**WHAT YOU HAVE TO DO:** Go to the line with "DERMA FACTORY Niacinamide" in the entries below and write out every line from there through the line with "İmkânsız optik illüzyon", exactly and without pictures.

------ EXTRACTED INFORMATION

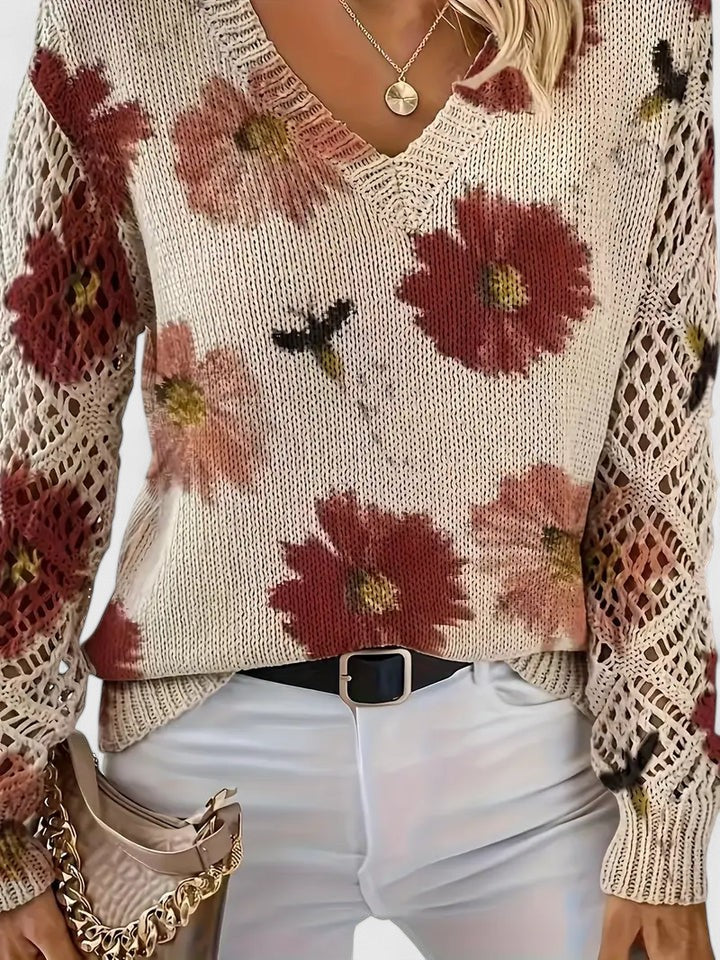 Noelle – Floral Knit Sweater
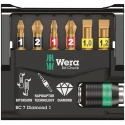 Wera Screwdriver Bit Set Hex Phillips Pozidriv Slotted Diamond Tipped 7 Pieces 05073419001
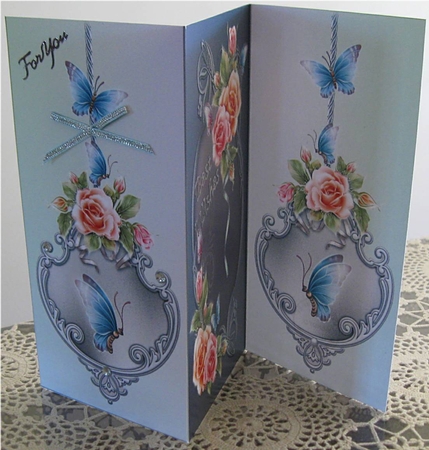 Trifold Card Glowing Roses and Butterflies by Wendy De Winter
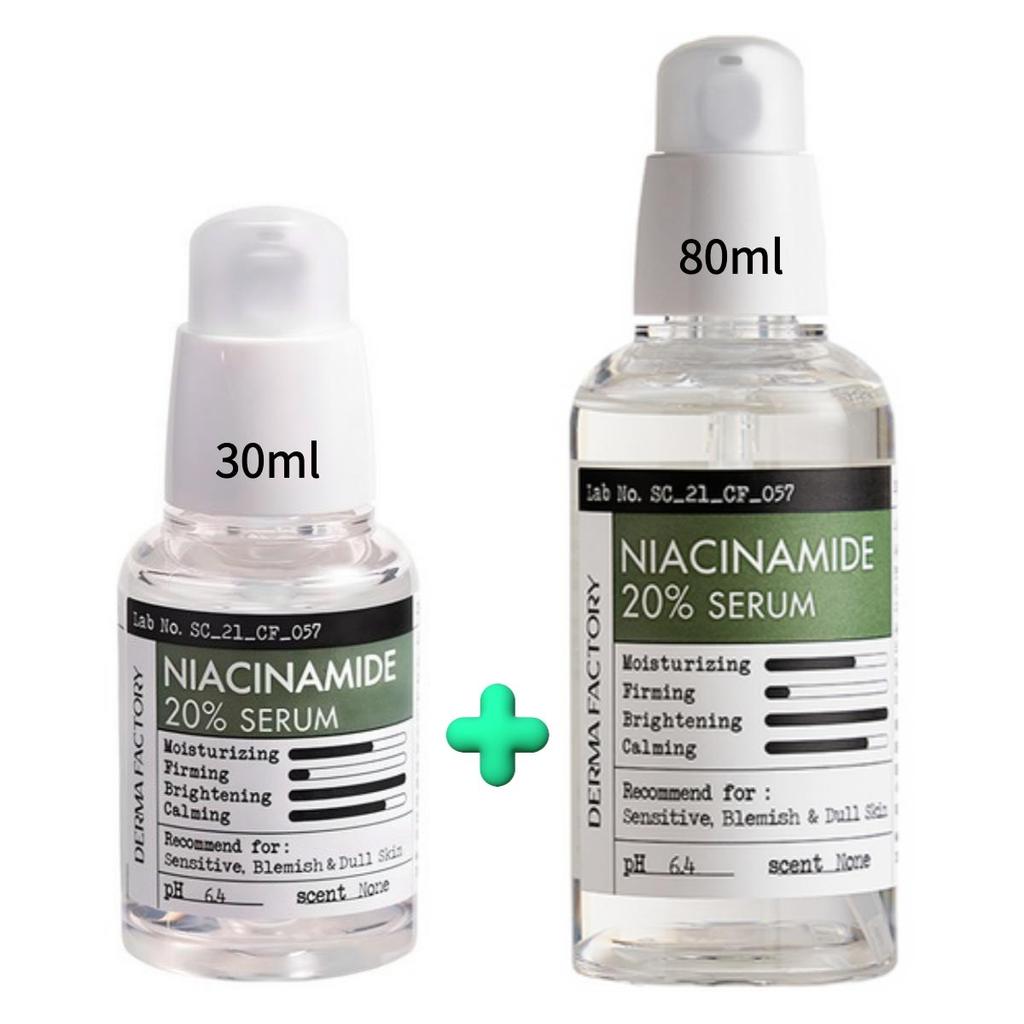 DERMA FACTORY Niacinamide 20% Serum 30ml + 80ml, 1Set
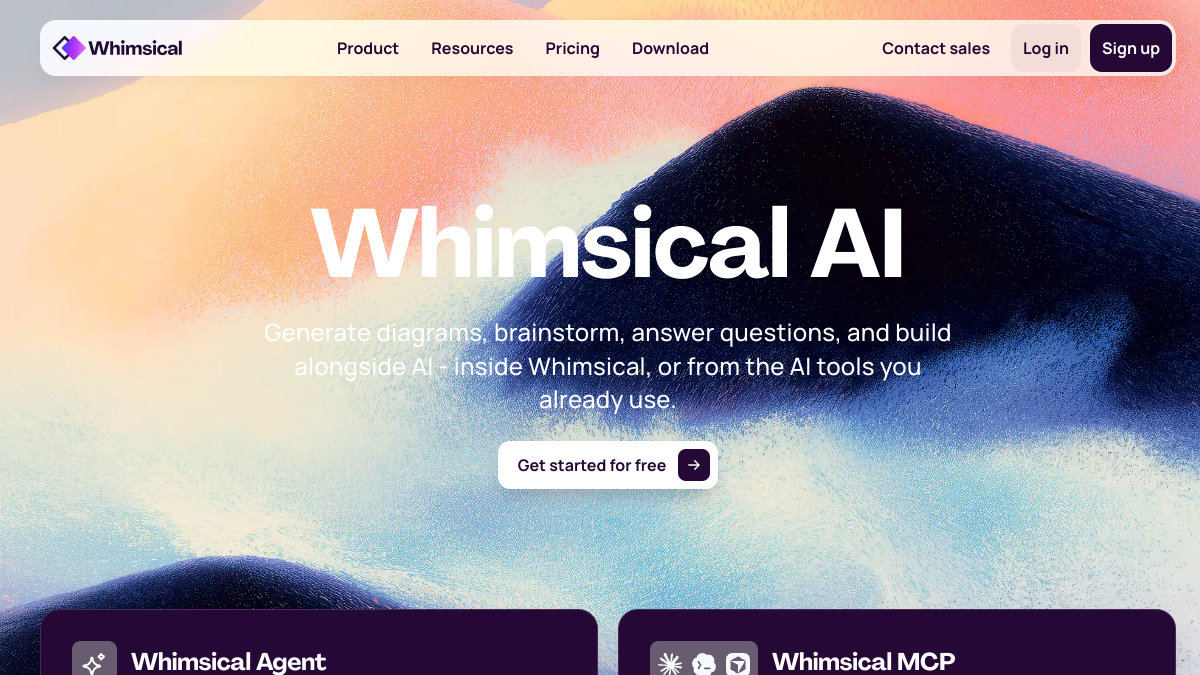 Whimsical AI ana sayfa görünümü
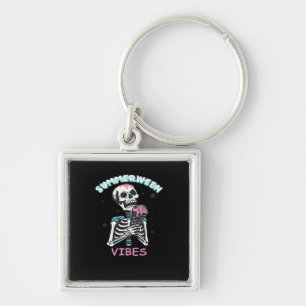 Summerween Vibes Spooky Summer Pumpkin Classic Keychain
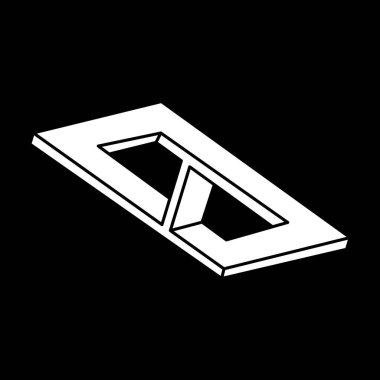 İmkânsız optik illüzyon şekilleri. Optik sanat objesi. Geometri. İmkansız şekiller. 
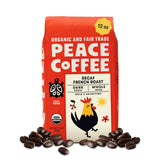 Peace Coffee Decaf French Roast Whole Bean Coffee, Dark Roast, 12 oz, Organic Fair Trade, Nutty, Bold Flavor, Shade Grown, Fresh Roasted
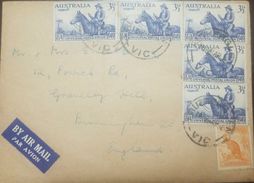 A) 1947 AUSTRALIA, MAN IN HORSE, COWBOY, ANIMALS, KANGAROO, FAUNA, MULTIPLE STAMPS, AIRMAIL, CIRCULATED COVER FROM AUSTR - Brieven En Documenten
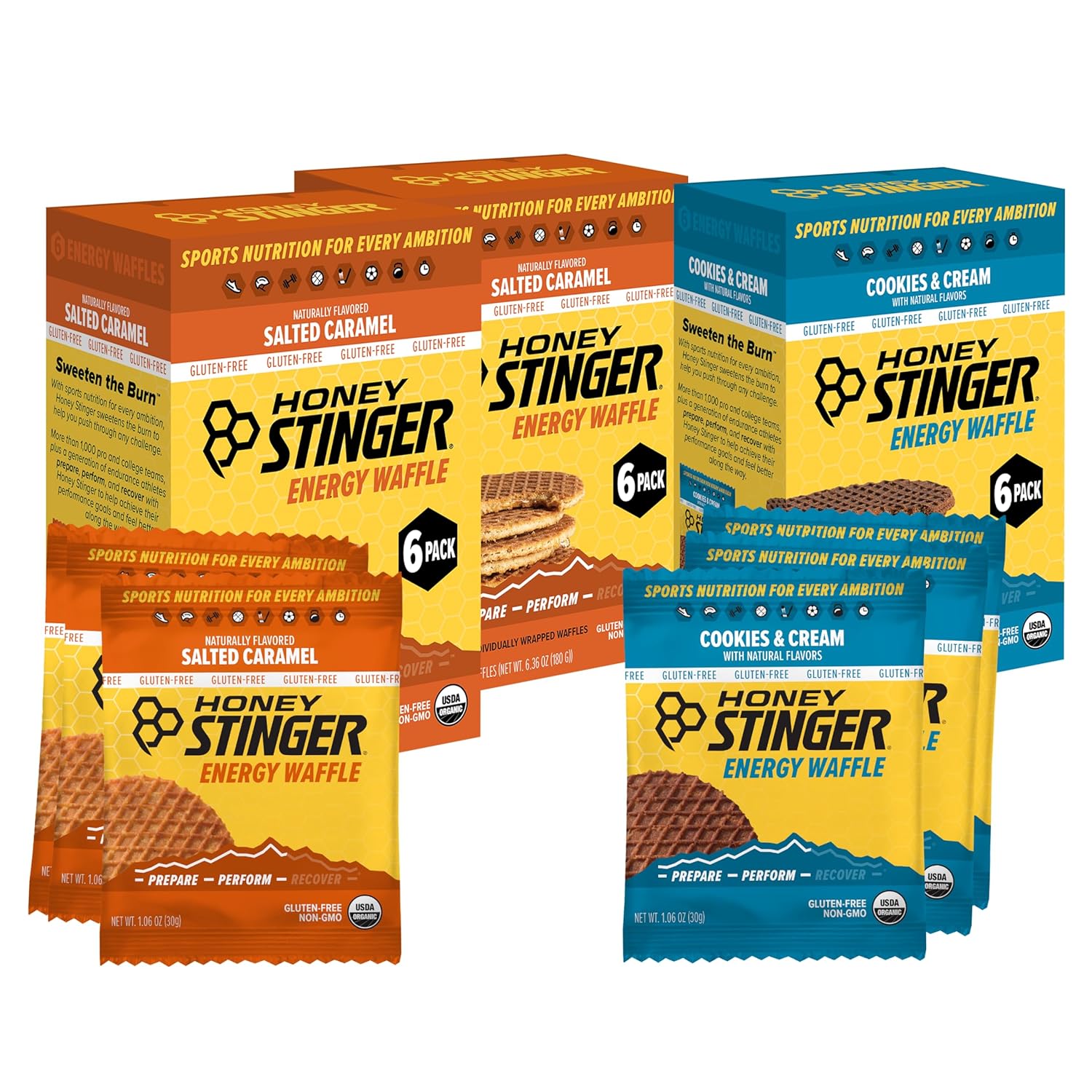 Honey Stinger Organic Energy Waffle Variety Pack, 12 Salted Caramel and 6 Cookies & Cream, 18ct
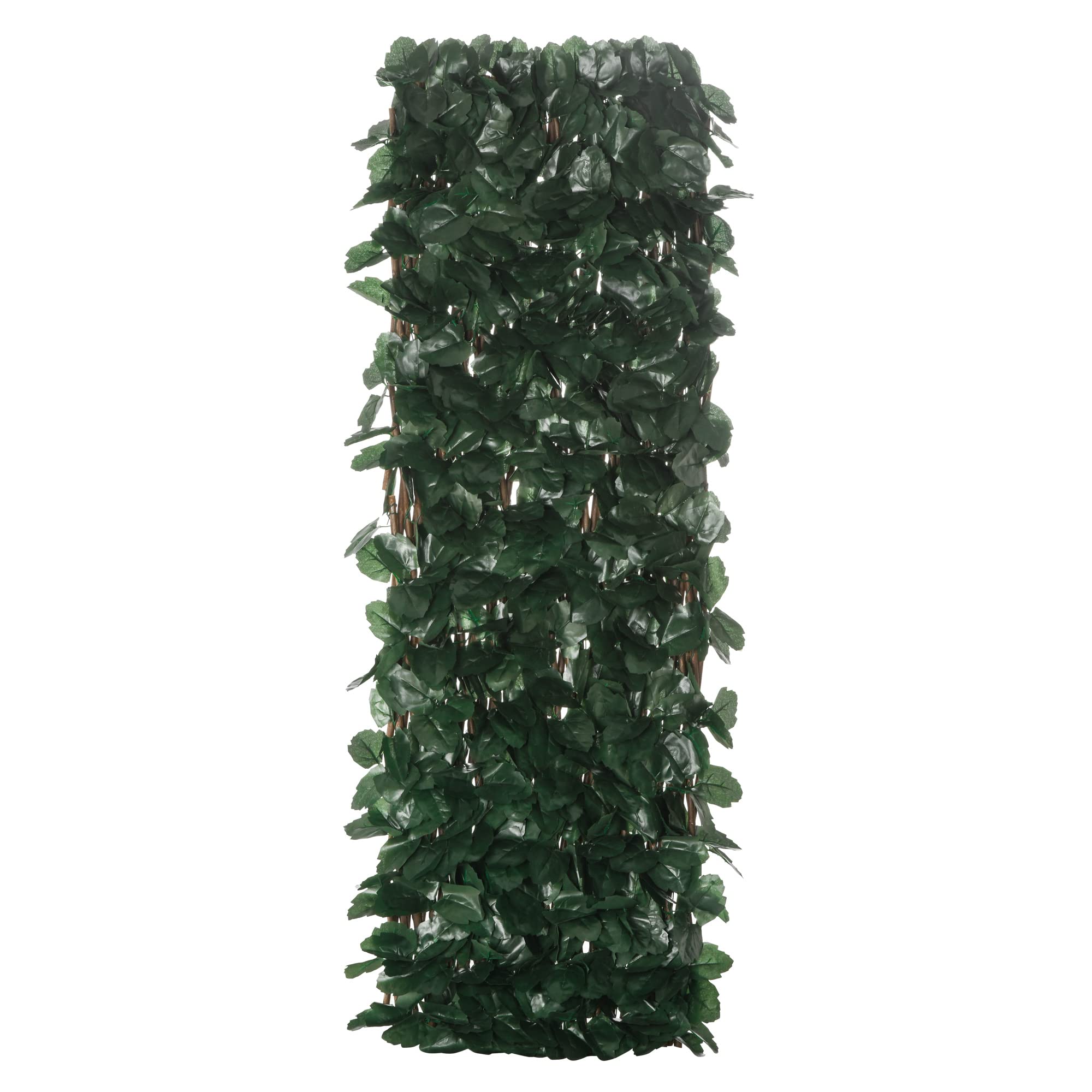 Outsunny Haie artificielle feuilles murale brise-vue 2 panneaux longueur ajustable 295 x 70 cm treillis extensible feuillage réaliste en PE vert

------------

**TASK RESPONSE:**
 DERMA FACTORY Niacinamide 20% Serum 30ml + 80ml, 1Set
 Whimsical AI ana sayfa görünümü
 Summerween Vibes Spooky Summer Pumpkin Classic Keychain
 İmkânsız optik illüzyon şekilleri. Optik sanat objesi. Geometri. İmkansız şekiller. 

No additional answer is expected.